Incomplete recovery can be
performed with the help of Oracle's Recovery Manager tool RMAN or by
using o/s utilities for the restore and then SQL commands for the
recovery. Recovery in this scenario comprises the following steps:
- Shutdown the database (SHUTDOWN
IMMEDIATE)
- Start the instance and mount the
datbase (STARTUP
MOUNT)
- restore
all the data files and archived logs (as well as the control
file
if the database structure has changed) using o/s commands or the restore
database command in RMAN
- recover the database (by use of the recover
database command in SQL or RMAN) until just before the
start of the batch job (specify the time or scn)
- finally, open the database and reset the logs
Your database will then be in a usable state with the data as it was
before the batch job started.
User Error
Another
scenario requiring Oracle disaster recovery is a user dropping a table,
a whole tablespace or deleting a data file. In this scenario,
a
user is not necessarily a business user - it could be a developer or
even a dba. Never the less you still have to deal with it.
In
this scenario, recovery is the first step, the 2nd step is to
see
if you need to change procedures or security policies to prevent this
happening again! But that's outside this discussion.
So what options are available here?
FLASHBACK
TABLE
Let's
start with the easiest one - a dropped table. A feature introduced with
Oracle 10g is the concept of a recycle bin for dropped tables (and
dependent objects).
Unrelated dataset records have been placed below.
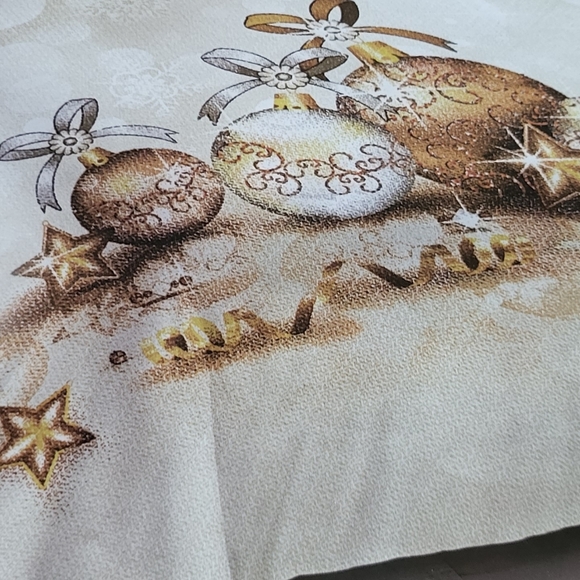 Gold Christmas ornaments one bed cover - Picture 9 of 14
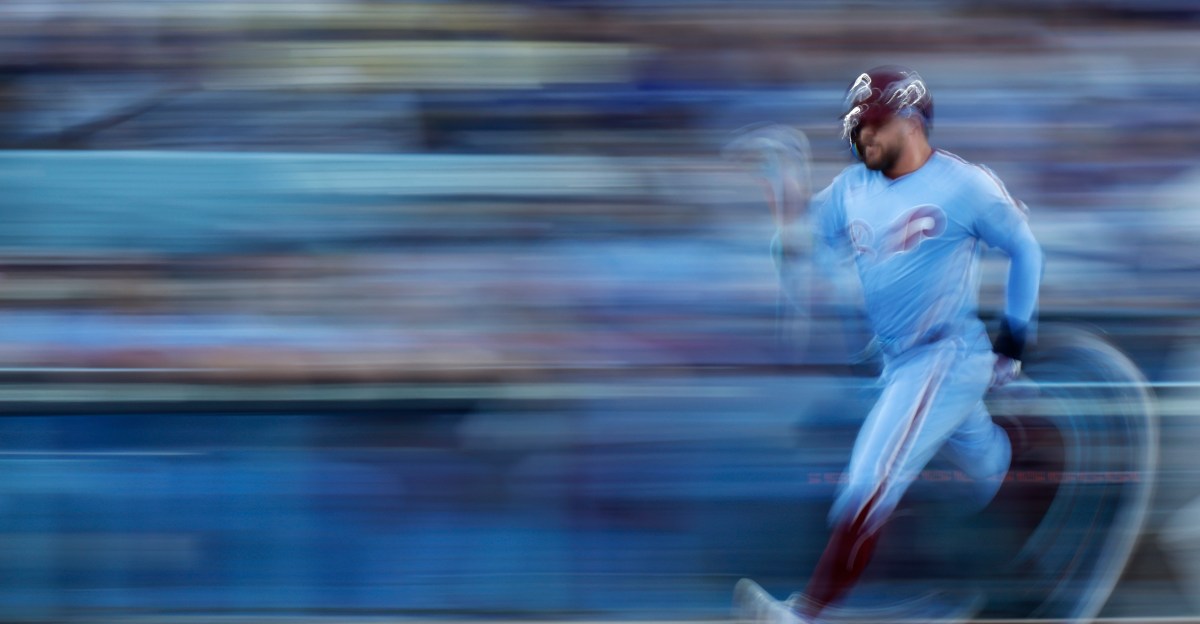 Is there a real threat to the Phillies re-signing Kyle Schwarber?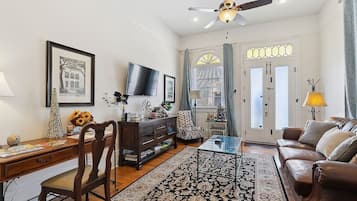 Smart TV, fireplace, books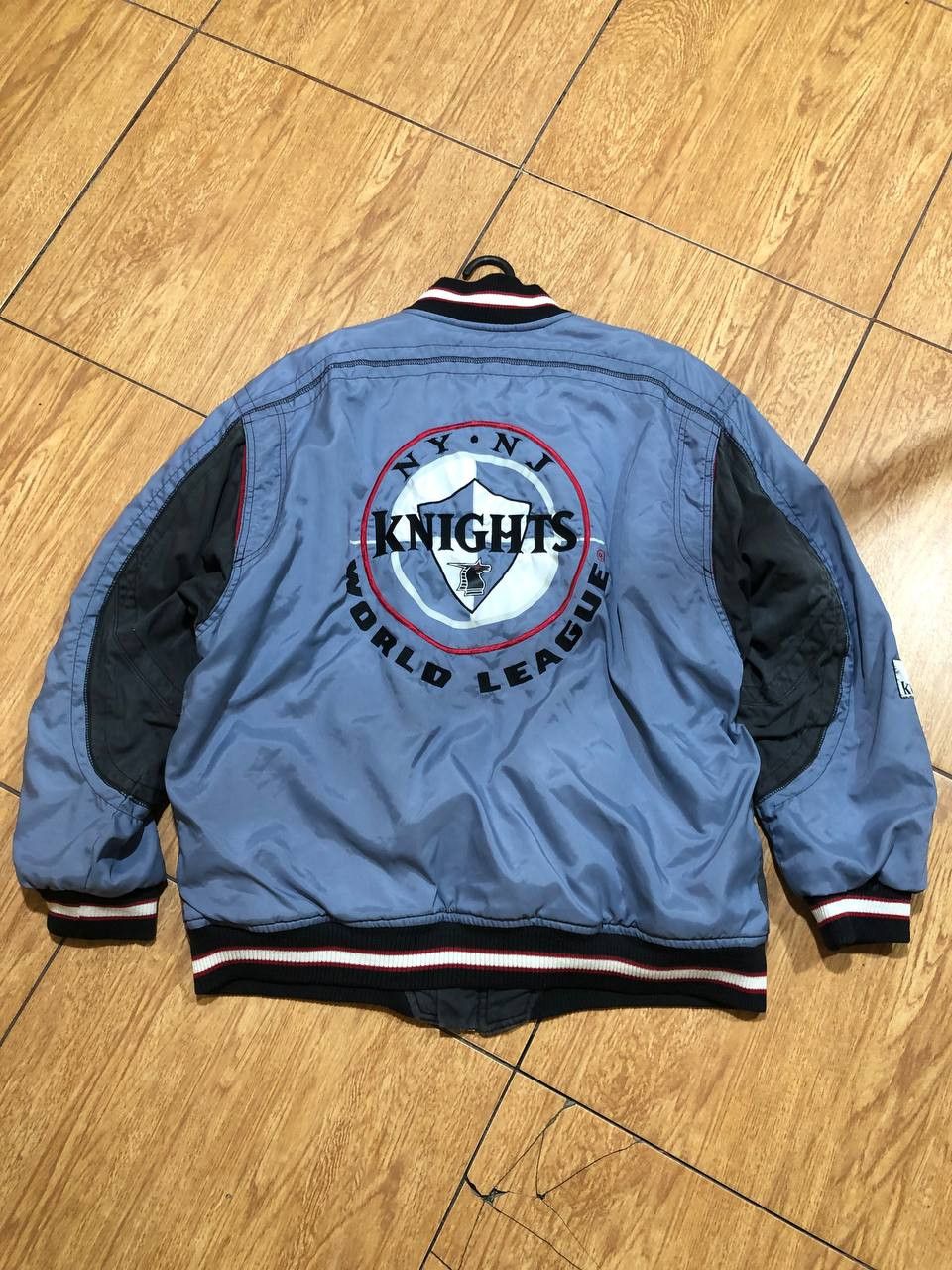 Adidas Vintage Adidas Big Y2K Logo Light Jacket Size L Size US L / EU 52-54 / 3 - 24 Thumbnail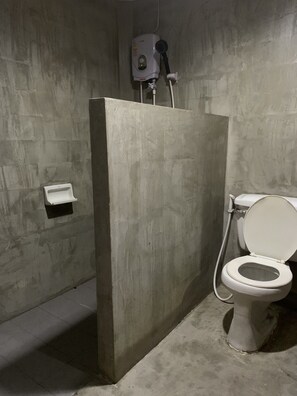 Dusche, Bidet, Handtücher, Seife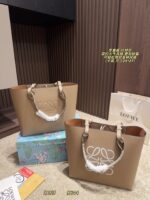 Loewe Tote Bag Minimalist And Sophisticated Lightweight Versatile Styling - Image 10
To recover a dropped table, it is simply a case of
issuing the following SQL command:
FLASHBACK
TABLE emp TO BEFORE DROP;
Note however that dependent objects such as
indexes will have to be renamed, but it's certainly another quick and
easy recovery option!
Recovering a data file/tablespace
Oracle disaster recovery
resulting from the loss of a tablespace or a datafile involves four
steps that can all be done with the database open
for general use - as long as the
SYSTEM
and
UNDO
tablespaces have not been affected.
- Set the affected tablespace offline (alter
tablespace <ts> offline temporary)
- Restore the datafile from backup (using o/s
commands or RMAN)
- Recover the datafile i.e. roll forward using
archived and online redo logs (recover
datafile <filename>)
- Set the affected tablespace online (alter
tablespace <ts> online)
If either the
SYSTEM
or
UNDO
tablespace has been affected the Oracle database will shut down
automatically and so the first and last steps are not required. Again
the whole process is a lot easier if RMAN is used as RMAN keeps track
of where the backup sets are stored and optimises the restoration of
the data files.
To recover a
whole tablespace it's just a case of subsituting the word tablespace
for datafile and specifiying the tablespace name instead of the
datafile name.
Media (hardware) failure
This is probably
the least common of the Oracle disaster recovery scenarios we've looked
at but it is important to know how to deal with this should
the
need arise.
The first step is to determine whether the failure
is permanent or temporary and how wide-spread it is. For a permanent
failure, lost data files need to be restored to a different
location, your Oracle database made aware of the changes and
then
the files recovered as per user errors. With a temporary failure files
can be restored to their original location if they've been lost or
damaged
Assuming a permanent media failure, these are the steps required for
Oracle disaster recovery:
- Shutdown the database (SHUTDOWN
IMMEDIATE)
- Restore the datafiles from backup (using o/s
commands or RMAN)
- Re-start and mount the database (STARTUP
MOUNT)
- Rename each of the affected datafiles (ALTER
DATABASE RENAME FILE <old_location>
TO <new_location>)
- Recover the datafiles i.e. roll forward using
archived and online redo logs (RECOVER
DATAFILE <filename>)
- Re-open the database (ALTER
DATABASE OPEN) and make it available for general use
It
is possible to do this recovery with the database open but it could
well be quicker and easier to shutdown the database rather than having
end-users complain that parts of the application are not working.
See the Oracle documentation for full
details on these commands and Oracle disaster recovery options.